And for a long moment there was silence. Horace Slughorn had nothing to say in response to Snape’s bitter quip. He could not deny that he was selfish, that he had little use for things or people that did not gratify him in some way. He could not deny that from the beginning he’d had little use for Severus Snape.

The boy was promising at Potions and well in advance of his classmates when it came to hexes and curses. However he was not pleasant to look at or to talk to and his family had nothing to recommend them. Still, Slughorn’s duties as Potions Master and head of Slytherin brought him into fairly frequent contact with Snape and disinterested as he was it quickly became apparent that something was amiss with the boy.

There was some trouble immediately after he arrived at Hogwarts, he simply didn’t sleep. Only when he finally collapsed from physical exhaustion did Poppy Pomfrey manage to get him to confess that he’d been taking a potion of his own design to stay awake. The reason he’d resorted to this became clear within a few days. When he did sleep he had severe nightmares from which he woke screaming but at eleven he still wet the bed.

Professor Slughorn remembered all too well the first time he’d been called out to deal with this. Snape’s roommate, the youngest Rosier boy, had rung his room again and again, waking him from a sound sleep. Slughorn had been quite cross of course and entered the room the boys shared blustering and complaining, his usual manner of expressing dissatisfaction.

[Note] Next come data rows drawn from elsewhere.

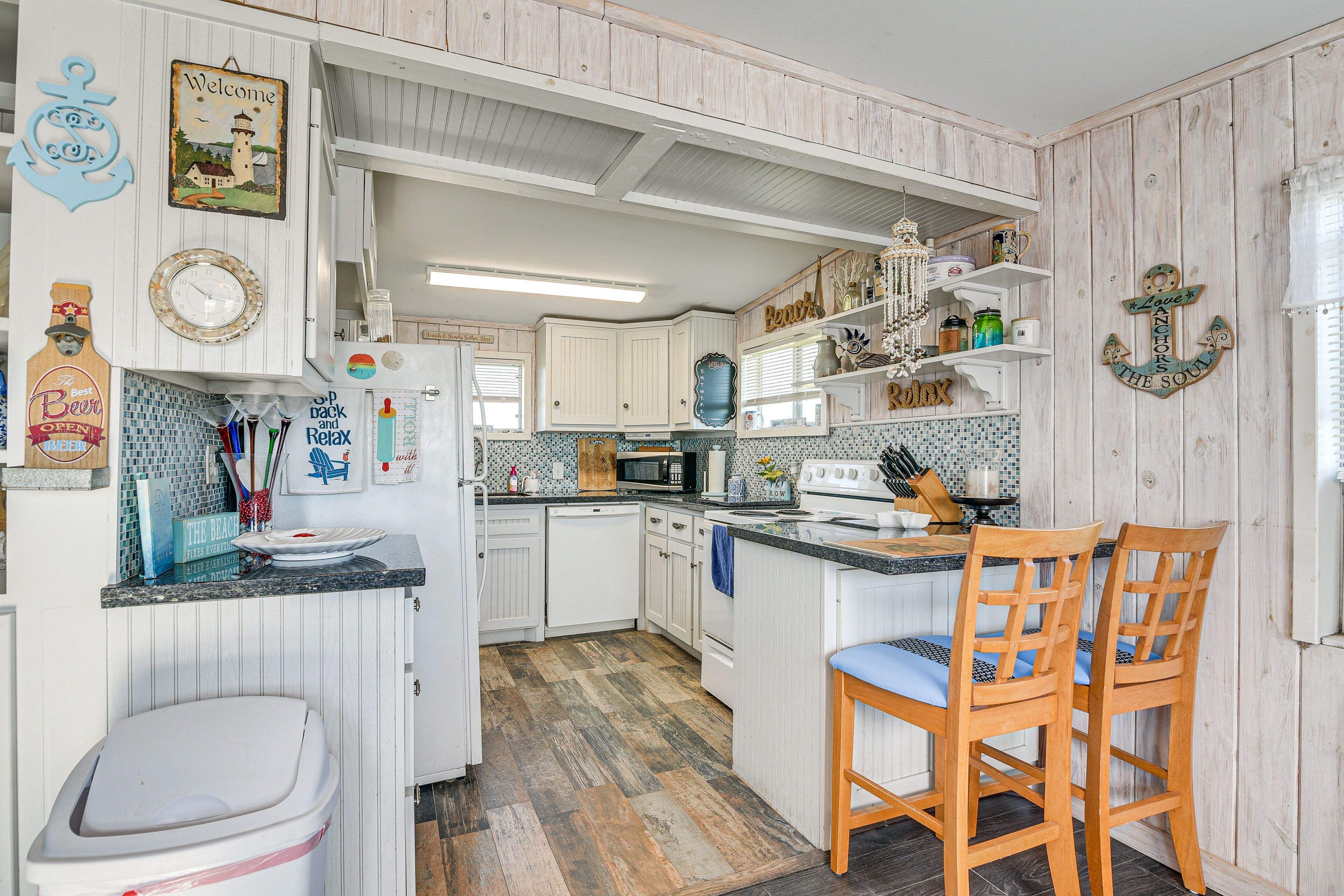 Une cuisine compacte avec des meubles blancs, un four à micro-ondes, un évier et un îlot central en bois avec des chaises.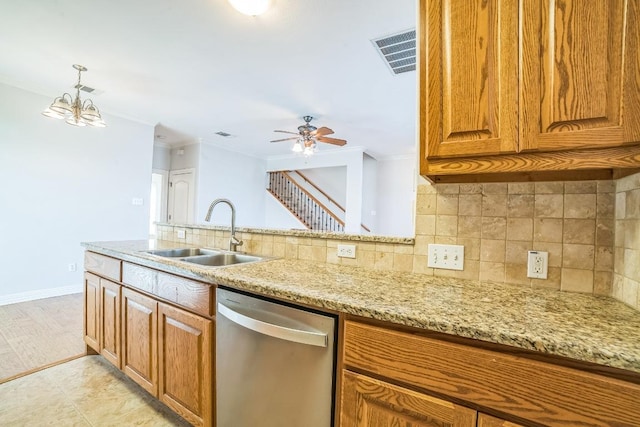 1213 Delsie Dr Unit A, Austin, TX 78734 - kitchen with stainless steel dishwasher, light stone countertops, ornamental molding, brown cabinets, and backsplash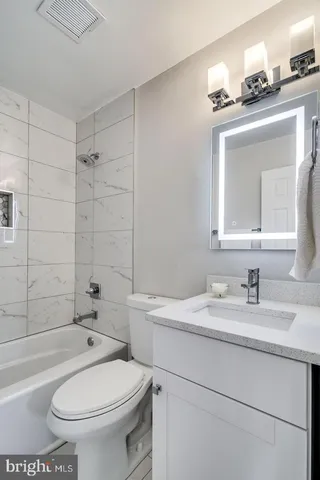 a bathroom with a granite countertop toilet a sink a mirror and bathtub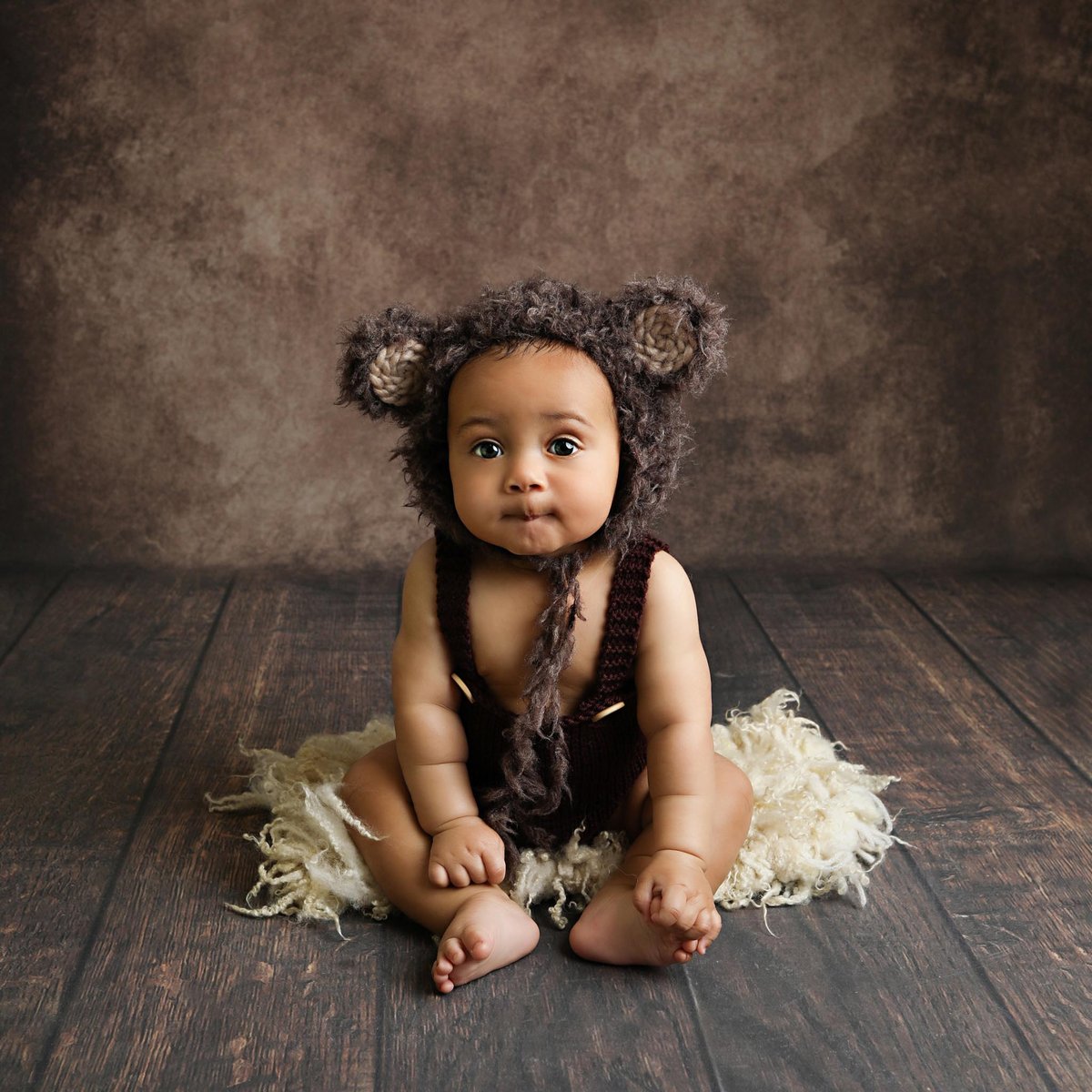 baby with cute bear ears posing for a professionally taken photograph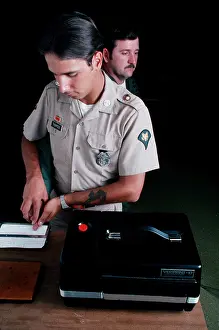 Archives Prints: 1976 - A US Army military policeman takes fingerprints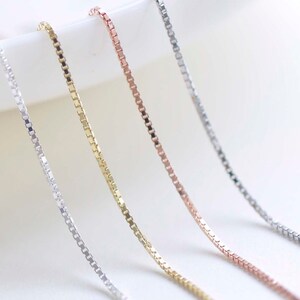 May include: Four silver chains in different colours: silver, gold, rose gold, and a darker silver. The chains are laid out on a white surface.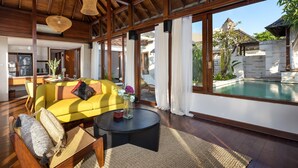 A spacious living area with a yellow sofa, a round coffee table, and a view of a swimming pool.
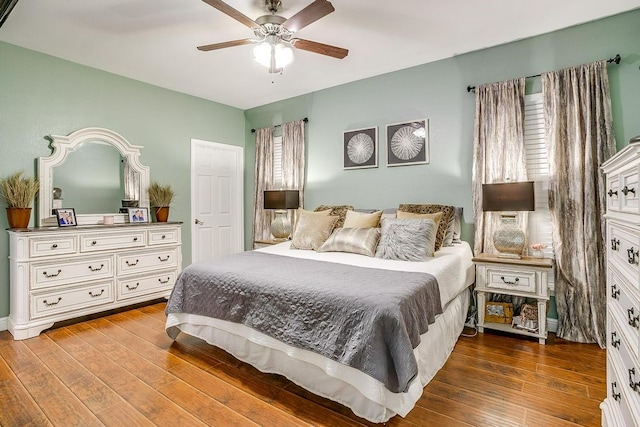 bedroom featuring ceiling fan and hardwood / wood-style floors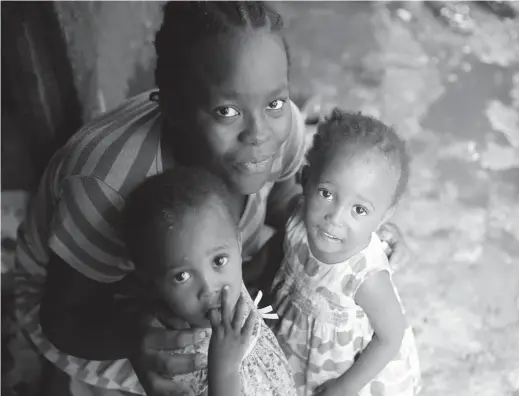  ??  ?? Twenty-year-old Fatmata poses with her twin daughters in Susan’s Bay, Sierra Leone. — Reuters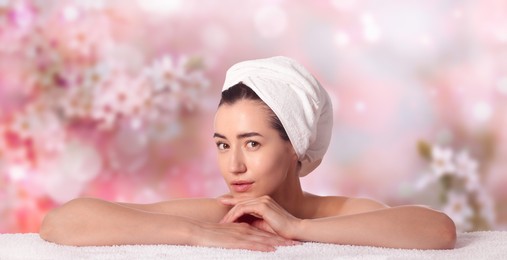 Image of Beautiful woman relaxing on towel against blurred background. Spa center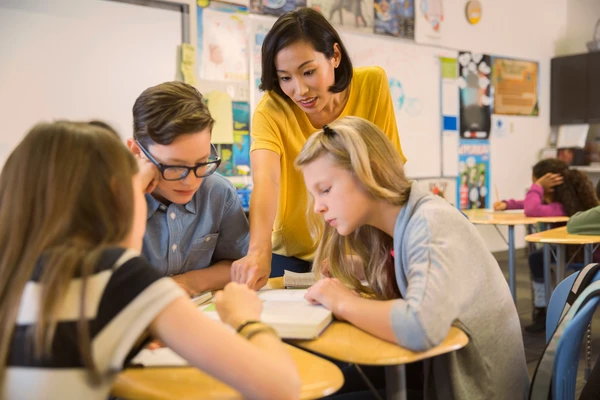 A teacher helps three students with a book at their desk in a classroom setting.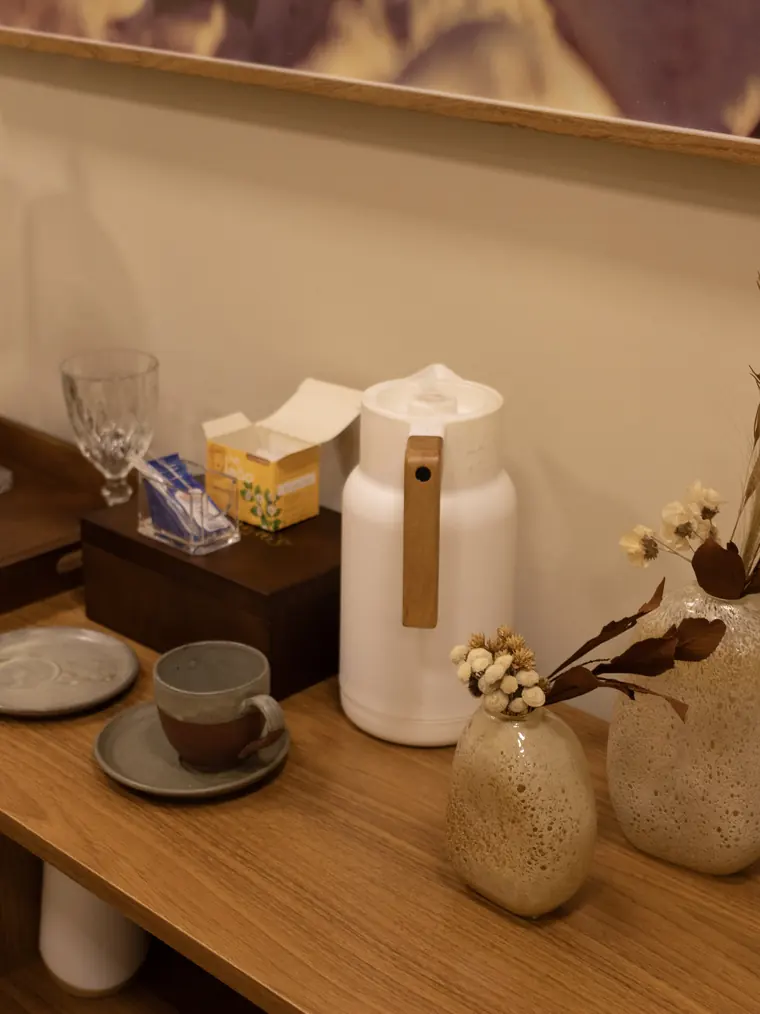 Aparador de madeira na área de espera da RYO Spa, com jarra, xícaras e arranjo de flores secas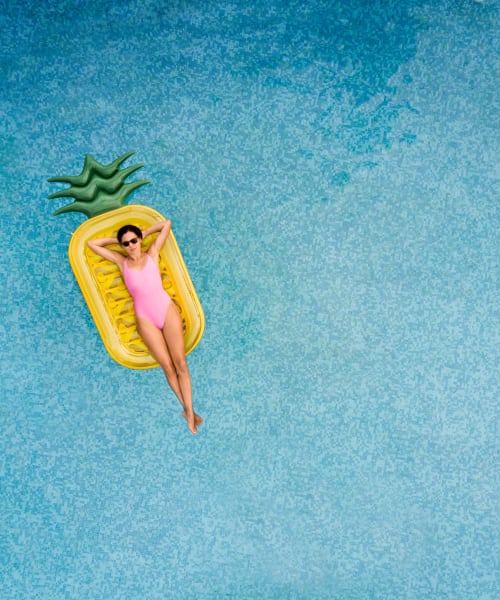 Resident on pineapple floatie in pool at Playa Del Oro, Los Angeles, California 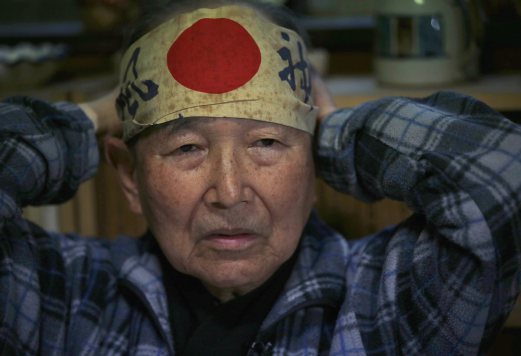 Japanese Katsumoto Saotome, 82, a survivor of Great Tokyo Air Raids in 1945, wears a headband with words reading 'Kamikaze' on it, which he carried during an evacuation in the bombing during an interview with Reuters at his home in Tokyo March 4, 2015. Now, as memories fade of how civilians suffered during World War Two - suffering Saotome blames on Japan's wartime leaders who thought of their citizens as "weeds" - the author fears Japan may be marching towards war again. Picture taken March 4. REUTERS 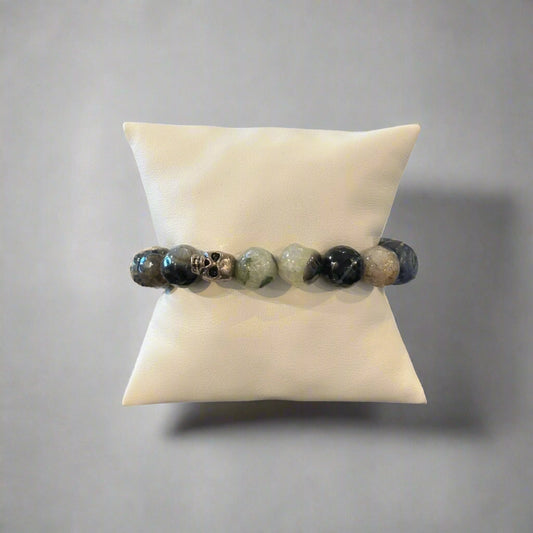 A bracelet with a mix of blue agate and pearl beads, displayed on a white cushion.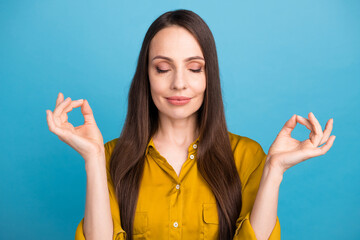 Poster - Photo of dreamy good mood woman dressed yellow shirt closed eyes practicing yoga isolated blue color background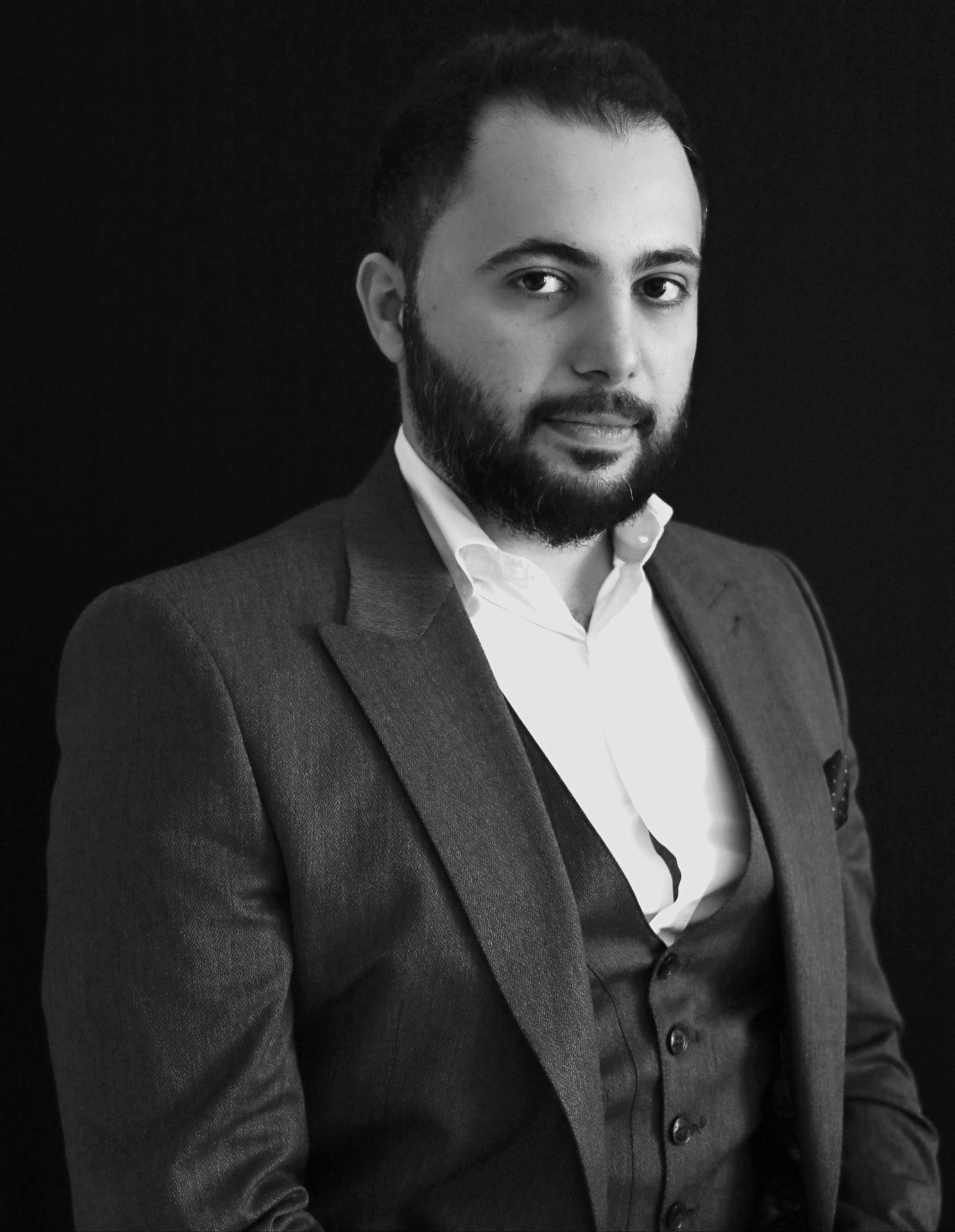 Black-and-white portrait of Hadi Hijazi of Gravity Uniforms in a dark suit jacket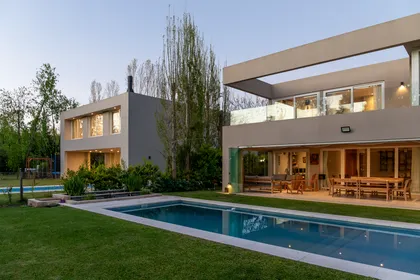 Fachada moderna con piscina e integración de madera — proyecto Campo grande III, por Juarez-Fevre Estudio de Arquitectura , en Buenos Aires
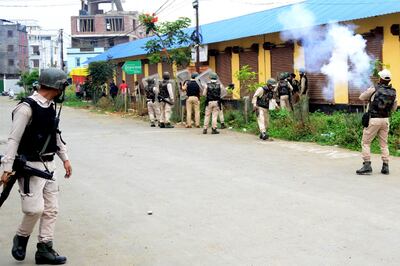 Security personnel fire tear gas during a protest in Imphal by Manipur's Meitei community on May 4.  AFP
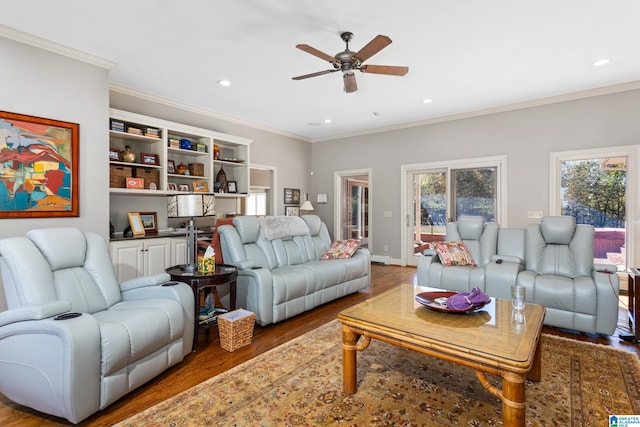 living room with ceiling fan, wood-type flooring, and ornamental molding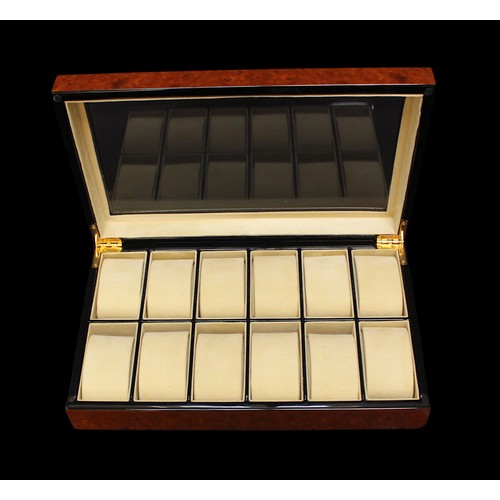 205 - A burr walnut effect 12 watch display box by Rapport, with glazed cover enclosing lined, compartment... 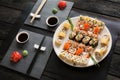 Set of sushi maki and rolls on black rustic wood Royalty Free Stock Photo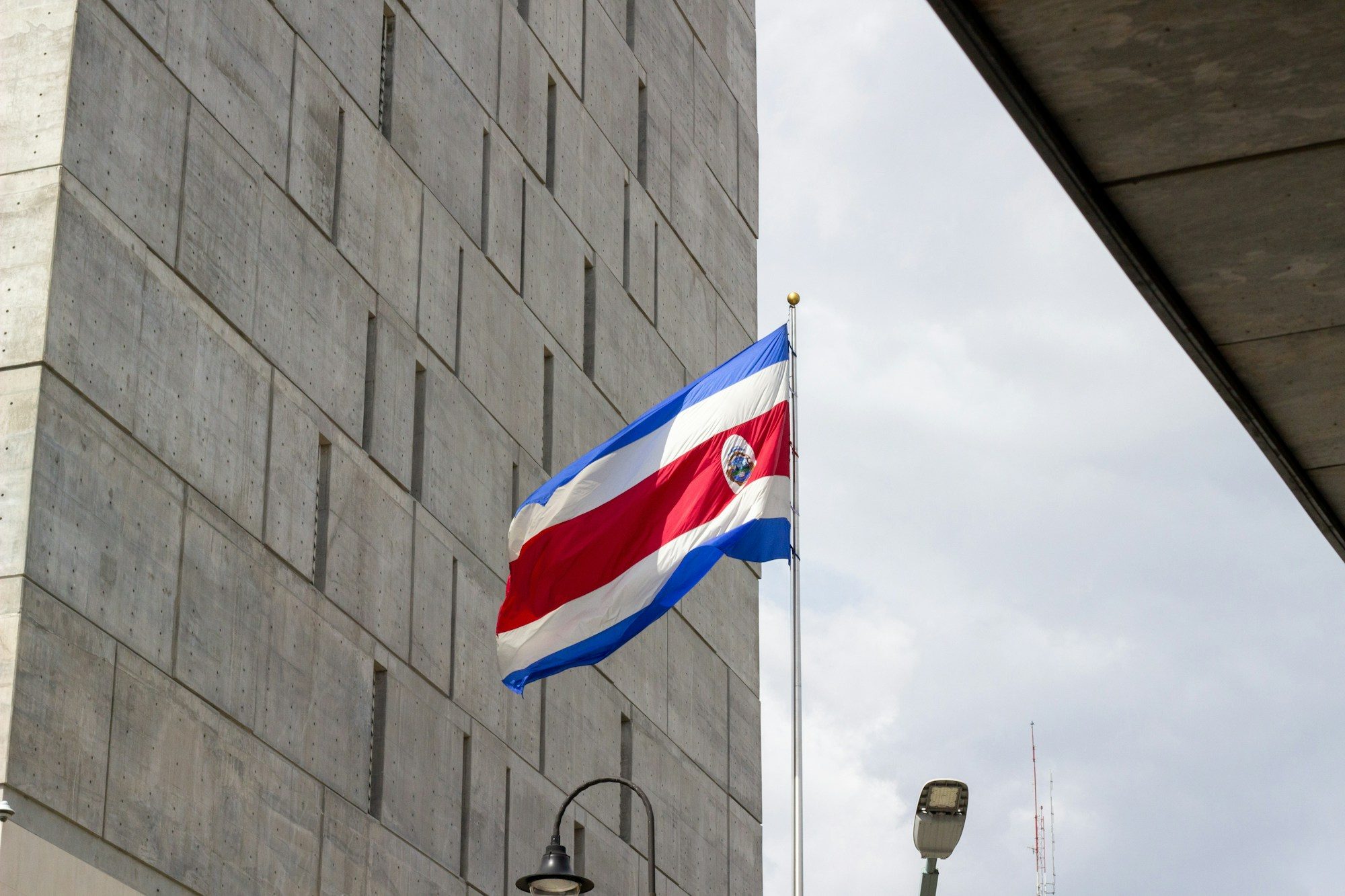 Bandera de Costa Rica ondeando junto a un edificio moderno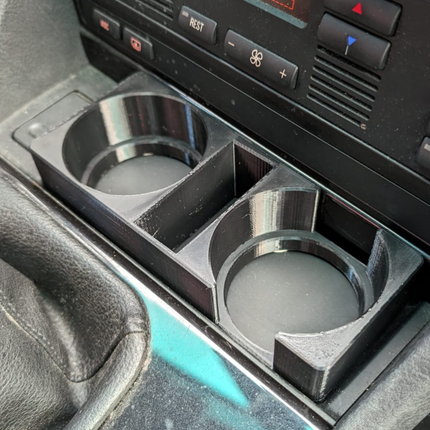 BMW E39 puodelių laikiklis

Slughorn was quite taken aback by the cringing terror with which Severus Snape greeted him. Slughorn had dealt with situations of this kind in the past; there were always students who had difficulty adjusting to being away from home for the first time. He’d fully expected embarrassment or even tears but the Snape boy was clearly prepared to be beaten to within an inch of his life.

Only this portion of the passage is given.